僕はカイロ観光は後回しにして、まずルクソールへ行ってしまおうと思っていた。エジプトの歴史から考えると、古王国の時代の遺跡であるギザのピラミッドを見るのが先なのかもしれないが、今回の旅は、この後ヨルダン・シリアと回らなければならない。何があるかわからいから、内陸部の観光は先に片づけてしまおうと思ったのだ。 

まだ、6時半をまわったばかりだし、今日移動できるのならば、それにこしたことはない。すぐに切符売り場に向かおうとしたが、困ったことに駅のどこにもアルファベット表示がない。しかし、ここでも親切なエジプシャンのおかげで切符売り場はすぐわかり、首尾よくルクソールまでの切符も入手できた。切符の表記もアラビア文字ばかりだが、窓口の人が13号車の36番と算用数字で書いてくれた(算用数字のことをアラビア数字ということがあるが、本物のアラビア数字はアラビア文字同様ニョロニョロ文字だから、慣れないとまったくわからない)。

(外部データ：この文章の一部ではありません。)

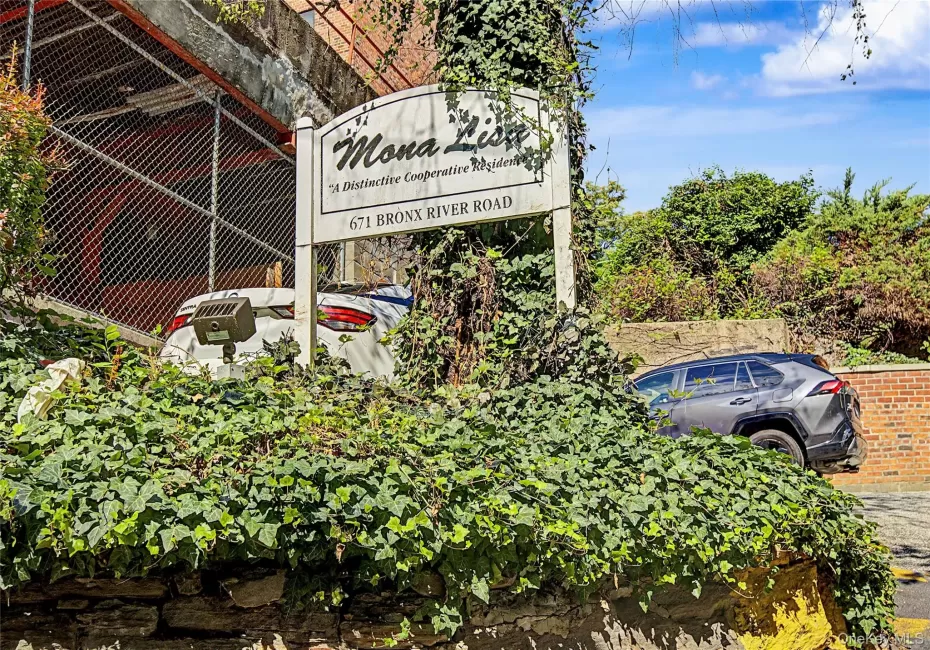 671 Bronx River Road, Yonkers, NY, 2 Bedrooms Bedrooms, 4 Rooms Rooms,1 BathroomBathrooms,Residential,For Rent,Bronx River,0,1037214 671 Bronx River Road, Yonkers, NY, 2 Bedrooms Bedrooms, 4 Rooms Rooms,1 BathroomBathrooms,Residential,For Rent,Bronx River,0,1037214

カイロ-ルクソールの乗車券。「12.40」とあるのは運賃(算用数字の右にアラビア数字でも記されている)。しかし、この券面のどこにも13号車の「13」と座席番号の「36」にあたるアラビア数字が見当たらない。これとは別に指定券があったのだろうか(旅関係のガラクタの中には見当たらない)。



僕が切符を買っている間、T君は友人のエジプト人の知り合いと連絡をとり、「今日会うことになった」という。女子学生さんも明日までカイロにいるという。僕らは「ルクソールでまた会おう」などと言いあいながら切符売り場の前で別れた。

僕はそこいら辺の人たちに切符を見せながら、列車の止まるプラットホームにたどりついた。僕の乗る2等車は14両編成の後部で、エジプト人で混雑していた。シートは薄汚れているが、シートピッチは日本の特急普通車より広く、ゆっくり足を伸ばせる。

始めての国でやや緊張気味だったが、これでなんとかルクソールまでは行けそうだと思うと、緊張がとけたのだろうか、とたんに睡魔が襲ってきた。エジプトの風景をゆっくり眺めながら、汽車旅を楽しもうと思っていたのだが、景色も何もない。うつらうつらの連続でドンドン時間が過ぎた。

ところが寝てばかりもいられなくなってきた。車内放送というものはなく(あってもアラビア語だからないのと同じ)、駅名表示板もアラビックのみの場合が多いのだ。余程注意して周囲の人に尋ねたりしないと乗り過ごしてしまうかもしれない。気をつけなくては、と思い出した4時半すぎ、突如大停車。1時間たってもまったく動く気配がない。6時半頃、もうルクソールに着いてもよい時刻になって、やっと動き出した。そこから先は、線路にトリモチでもふっついているのではと思わせるようなような走り方で、ルクソールに着いた時には10時を過ぎていた。

駅を出るとすぐにホテルの客引きの少年につかまった。彼に引かれるままに、1泊10ポンド(日本円で約600円)の部屋にチェックインした。列車の中で随分居眠りをしたはずなのだが、とにかく眠い。一刻も早くシャワーを浴びてベッドに体を横たえたかった。